SOLARINDS - Fundamental Analysis: Financial Health & Valuation
Last Updated Time : 20 Dec 25, 11:16 pm
Back to Fundamental ListFundamental Rating: 4.2
| Stock Code | SOLARINDS | Market Cap | 1,08,127 Cr. | Current Price | 11,949 ₹ | High / Low | 17,820 ₹ |
| Stock P/E | 114 | Book Value | 387 ₹ | Dividend Yield | 0.08 % | ROCE | 37.3 % |
| ROE | 29.7 % | Face Value | 2.00 ₹ | DMA 50 | 13,267 ₹ | DMA 200 | 13,327 ₹ |
| Chg in FII Hold | 0.32 % | Chg in DII Hold | -0.69 % | PAT Qtr | 235 Cr. | PAT Prev Qtr | 280 Cr. |
| RSI | 23.0 | MACD | -472 | Volume | 1,22,542 | Avg Vol 1Wk | 79,133 |
| Low price | 8,479 ₹ | High price | 17,820 ₹ | PEG Ratio | 2.52 | Debt to equity | 0.05 |
| 52w Index | 37.2 % | Qtr Profit Var | 32.4 % | EPS | 105 ₹ | Industry PE | 23.9 |
📊 Financials: Solar Industries has a market cap of ₹1,08,127 Cr. Current price is ₹11,949 with a 52-week high/low of ₹17,820/₹8,479. PAT this quarter is ₹235 Cr vs ₹280 Cr in the previous quarter, showing decline. ROCE at 37.3% and ROE at 29.7% reflect excellent efficiency. Debt-to-equity ratio of 0.05 indicates a very strong balance sheet with minimal leverage.
💹 Valuation: Stock P/E is 114, far above industry PE of 23.9, suggesting stretched valuation. Book value is ₹387, giving a P/B ratio of ~30.9. PEG ratio at 2.52 indicates earnings growth but still expensive relative to valuation. EPS is ₹105, showing strong profitability. Dividend yield of 0.08% provides negligible shareholder return.

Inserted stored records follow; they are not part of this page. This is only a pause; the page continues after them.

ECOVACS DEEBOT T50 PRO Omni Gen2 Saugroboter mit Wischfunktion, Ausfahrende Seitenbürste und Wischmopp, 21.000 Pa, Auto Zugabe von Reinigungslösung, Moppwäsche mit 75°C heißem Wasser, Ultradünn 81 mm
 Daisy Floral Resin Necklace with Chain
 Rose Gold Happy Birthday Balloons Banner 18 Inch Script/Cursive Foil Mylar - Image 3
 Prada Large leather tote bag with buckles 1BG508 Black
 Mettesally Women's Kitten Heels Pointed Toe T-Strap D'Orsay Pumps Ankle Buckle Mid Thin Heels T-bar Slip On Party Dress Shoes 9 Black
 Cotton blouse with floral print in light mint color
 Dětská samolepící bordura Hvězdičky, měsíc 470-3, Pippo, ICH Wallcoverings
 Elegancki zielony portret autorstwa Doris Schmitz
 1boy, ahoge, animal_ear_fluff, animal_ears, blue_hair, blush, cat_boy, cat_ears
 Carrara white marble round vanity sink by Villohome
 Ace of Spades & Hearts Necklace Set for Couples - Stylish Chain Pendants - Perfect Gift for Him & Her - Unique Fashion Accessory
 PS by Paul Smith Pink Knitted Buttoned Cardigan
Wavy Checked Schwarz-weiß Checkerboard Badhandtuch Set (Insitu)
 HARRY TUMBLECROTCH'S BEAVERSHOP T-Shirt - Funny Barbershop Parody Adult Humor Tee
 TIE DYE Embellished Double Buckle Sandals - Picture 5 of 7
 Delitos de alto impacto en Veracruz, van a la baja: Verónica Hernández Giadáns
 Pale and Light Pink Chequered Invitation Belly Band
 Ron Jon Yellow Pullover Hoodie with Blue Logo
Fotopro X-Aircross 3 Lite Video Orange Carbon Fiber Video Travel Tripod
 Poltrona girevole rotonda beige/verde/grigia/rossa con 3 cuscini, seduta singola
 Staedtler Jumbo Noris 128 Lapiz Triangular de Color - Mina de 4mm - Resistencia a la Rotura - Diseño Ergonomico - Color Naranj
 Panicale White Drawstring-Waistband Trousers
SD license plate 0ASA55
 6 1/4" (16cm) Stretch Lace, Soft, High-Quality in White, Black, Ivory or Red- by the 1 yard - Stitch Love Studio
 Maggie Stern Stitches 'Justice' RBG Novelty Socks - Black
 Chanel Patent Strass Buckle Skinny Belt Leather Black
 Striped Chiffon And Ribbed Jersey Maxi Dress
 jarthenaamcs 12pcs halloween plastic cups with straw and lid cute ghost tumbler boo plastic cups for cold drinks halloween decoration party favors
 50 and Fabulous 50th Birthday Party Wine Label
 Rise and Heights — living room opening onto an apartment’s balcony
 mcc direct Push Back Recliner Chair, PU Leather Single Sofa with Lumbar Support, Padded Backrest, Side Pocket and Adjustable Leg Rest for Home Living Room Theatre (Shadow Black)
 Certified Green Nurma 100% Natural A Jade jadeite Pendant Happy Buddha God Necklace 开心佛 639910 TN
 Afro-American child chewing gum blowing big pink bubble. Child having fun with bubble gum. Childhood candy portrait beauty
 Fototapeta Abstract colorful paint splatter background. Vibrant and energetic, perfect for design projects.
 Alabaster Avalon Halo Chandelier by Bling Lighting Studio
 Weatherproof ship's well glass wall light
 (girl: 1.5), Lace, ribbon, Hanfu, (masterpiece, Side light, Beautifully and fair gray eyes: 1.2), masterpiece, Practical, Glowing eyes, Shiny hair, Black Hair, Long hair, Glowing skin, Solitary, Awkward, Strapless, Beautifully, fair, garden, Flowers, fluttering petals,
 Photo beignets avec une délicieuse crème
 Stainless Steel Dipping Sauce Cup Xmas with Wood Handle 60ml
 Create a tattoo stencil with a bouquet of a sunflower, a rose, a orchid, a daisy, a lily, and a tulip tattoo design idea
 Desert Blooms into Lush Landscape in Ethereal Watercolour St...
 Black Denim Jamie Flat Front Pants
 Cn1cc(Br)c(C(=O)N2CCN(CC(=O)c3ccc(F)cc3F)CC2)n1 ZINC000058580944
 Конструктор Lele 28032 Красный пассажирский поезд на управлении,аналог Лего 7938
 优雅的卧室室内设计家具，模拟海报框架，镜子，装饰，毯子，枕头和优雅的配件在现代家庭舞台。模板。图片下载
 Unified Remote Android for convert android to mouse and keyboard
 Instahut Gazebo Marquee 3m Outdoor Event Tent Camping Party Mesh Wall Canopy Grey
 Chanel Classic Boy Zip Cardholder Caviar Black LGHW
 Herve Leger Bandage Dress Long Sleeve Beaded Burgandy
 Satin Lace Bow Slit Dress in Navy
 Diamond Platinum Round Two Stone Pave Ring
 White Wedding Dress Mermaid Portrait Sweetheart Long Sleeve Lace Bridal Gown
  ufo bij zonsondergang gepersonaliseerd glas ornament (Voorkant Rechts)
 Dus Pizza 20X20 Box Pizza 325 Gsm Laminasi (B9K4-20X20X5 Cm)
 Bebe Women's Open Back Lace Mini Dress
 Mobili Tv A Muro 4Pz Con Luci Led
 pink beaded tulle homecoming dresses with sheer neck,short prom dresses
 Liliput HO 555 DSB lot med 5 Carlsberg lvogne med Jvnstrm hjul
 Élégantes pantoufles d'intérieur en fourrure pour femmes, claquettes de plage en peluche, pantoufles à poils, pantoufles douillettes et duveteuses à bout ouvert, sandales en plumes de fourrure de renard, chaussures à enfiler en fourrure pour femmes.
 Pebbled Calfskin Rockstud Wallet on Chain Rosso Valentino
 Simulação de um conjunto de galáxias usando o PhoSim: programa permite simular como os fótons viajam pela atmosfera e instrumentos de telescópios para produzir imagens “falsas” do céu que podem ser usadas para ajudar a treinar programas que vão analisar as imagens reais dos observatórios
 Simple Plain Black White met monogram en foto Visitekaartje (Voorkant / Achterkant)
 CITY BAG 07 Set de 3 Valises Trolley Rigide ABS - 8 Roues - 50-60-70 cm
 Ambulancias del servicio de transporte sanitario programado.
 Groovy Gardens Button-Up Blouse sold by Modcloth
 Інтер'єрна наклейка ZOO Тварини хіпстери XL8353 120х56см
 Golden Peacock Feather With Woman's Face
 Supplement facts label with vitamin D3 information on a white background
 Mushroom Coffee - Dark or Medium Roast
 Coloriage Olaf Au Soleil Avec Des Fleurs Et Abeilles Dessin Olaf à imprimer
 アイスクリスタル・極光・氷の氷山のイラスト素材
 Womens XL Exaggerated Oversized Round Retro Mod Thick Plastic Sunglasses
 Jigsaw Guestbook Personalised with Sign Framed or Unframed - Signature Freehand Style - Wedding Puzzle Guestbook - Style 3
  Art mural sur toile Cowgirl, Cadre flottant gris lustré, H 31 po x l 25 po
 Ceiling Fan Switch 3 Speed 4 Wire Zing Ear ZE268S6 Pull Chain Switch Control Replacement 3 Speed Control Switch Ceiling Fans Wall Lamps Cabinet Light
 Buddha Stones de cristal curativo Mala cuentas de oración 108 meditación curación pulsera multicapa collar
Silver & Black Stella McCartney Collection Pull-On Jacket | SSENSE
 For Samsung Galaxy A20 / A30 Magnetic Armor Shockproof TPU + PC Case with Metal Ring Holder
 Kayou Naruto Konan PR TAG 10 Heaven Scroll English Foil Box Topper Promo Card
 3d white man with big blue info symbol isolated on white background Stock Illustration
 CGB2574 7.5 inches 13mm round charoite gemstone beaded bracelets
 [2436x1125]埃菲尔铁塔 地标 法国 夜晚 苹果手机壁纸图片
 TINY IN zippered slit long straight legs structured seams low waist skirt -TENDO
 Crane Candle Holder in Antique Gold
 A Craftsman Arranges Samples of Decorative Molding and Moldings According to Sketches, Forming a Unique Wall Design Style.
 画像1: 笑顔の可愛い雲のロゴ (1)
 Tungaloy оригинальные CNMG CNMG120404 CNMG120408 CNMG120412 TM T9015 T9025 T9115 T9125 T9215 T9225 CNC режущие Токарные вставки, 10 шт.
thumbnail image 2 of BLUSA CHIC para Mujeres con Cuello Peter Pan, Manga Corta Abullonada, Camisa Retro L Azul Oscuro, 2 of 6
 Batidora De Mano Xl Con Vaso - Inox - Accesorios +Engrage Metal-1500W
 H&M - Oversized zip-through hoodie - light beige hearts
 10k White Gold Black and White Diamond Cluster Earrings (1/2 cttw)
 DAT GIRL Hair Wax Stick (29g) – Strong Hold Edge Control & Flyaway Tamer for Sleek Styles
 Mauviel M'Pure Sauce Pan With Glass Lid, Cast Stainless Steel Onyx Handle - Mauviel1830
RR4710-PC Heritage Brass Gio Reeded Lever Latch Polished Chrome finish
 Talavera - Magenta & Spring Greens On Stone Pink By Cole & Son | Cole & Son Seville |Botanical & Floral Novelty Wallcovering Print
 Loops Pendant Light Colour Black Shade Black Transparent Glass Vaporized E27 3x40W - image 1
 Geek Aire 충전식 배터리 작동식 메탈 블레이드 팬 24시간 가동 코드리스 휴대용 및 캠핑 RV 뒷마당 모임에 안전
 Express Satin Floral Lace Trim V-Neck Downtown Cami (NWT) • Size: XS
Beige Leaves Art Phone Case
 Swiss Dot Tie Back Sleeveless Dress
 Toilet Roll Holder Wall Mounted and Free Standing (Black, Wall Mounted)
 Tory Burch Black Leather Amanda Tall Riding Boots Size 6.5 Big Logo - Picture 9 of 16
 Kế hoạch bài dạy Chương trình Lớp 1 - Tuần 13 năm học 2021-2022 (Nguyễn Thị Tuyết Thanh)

🏭 Business Model: Solar Industries operates in explosives, defense, and industrial chemicals. Competitive advantage lies in scale, technology leadership, and strong government and industrial contracts. Business model is resilient with high entry barriers, but cyclical demand and valuation pressures remain risks.
📈 Entry Zone: Technically, DMA 50 (₹13,267) and DMA 200 (₹13,327) are above current price, showing bearish trend. Entry is favorable near ₹11,500–₹12,000 if price consolidates. Current RSI at 23.0 indicates oversold conditions, offering potential accumulation opportunity.
🕰️ Long-Term Holding: Strong ROCE, ROE, and debt-free status support long-term compounding. However, stretched valuations limit attractiveness. Investors should accumulate cautiously on dips closer to intrinsic value zones.
Positive
- ✅ Exceptional ROCE (37.3%) and ROE (29.7%)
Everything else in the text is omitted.